Credit: National Breast Cancer Foundation
DALLAS – July 16, 2019 – Dr. Phil Evans is so deeply involved in nonprofit cancer groups that a luncheon with the National Breast Cancer Foundation was a routine item on his calendar. But the event turned out to be anything but ordinary. Dr. Evans was stunned with a Lifetime Achievement Award.
“I was just floored. I couldn’t believe it. It was just such a surprise,” said Dr. Evans, a Professor of Radiology who serves as Chief of the Breast Imaging Division.

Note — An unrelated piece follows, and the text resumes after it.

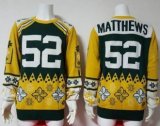 Green Bay Packers Jerseys 619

The Frisco-based breast cancer charity honored him in May for his decades of work with and on behalf of breast cancer patients, including his recent efforts to help raise $40 million for a new breast center at Parkland Memorial Hospital. Scheduled to open in 2021, the center will more than double the number of breast cancer patients visits from 40,000 to 100,000.
National Breast Cancer Foundation founder and CEO Janelle Hail said Dr. Evans’ work on the fundraising campaign coupled with his reputation as a compassionate and attentive doctor made him ideal for the award.
“For 40-plus years, Dr. Evans has devoted his career to improving the health of women. As a diagnostic radiologist, he has fought tirelessly to screen and diagnose women early while serving on the medical staff and also as a leader at one of our most prestigious partner hospitals, Parkland,” she said.
The National Breast Cancer Foundation is just one of many organizations that Dr. Evans has worked with to advance cancer care. He served as President of the Society of Breast Imaging and of the American Cancer Society. He also joined several committees of Susan G. Komen, the prominent breast cancer foundation based in Dallas.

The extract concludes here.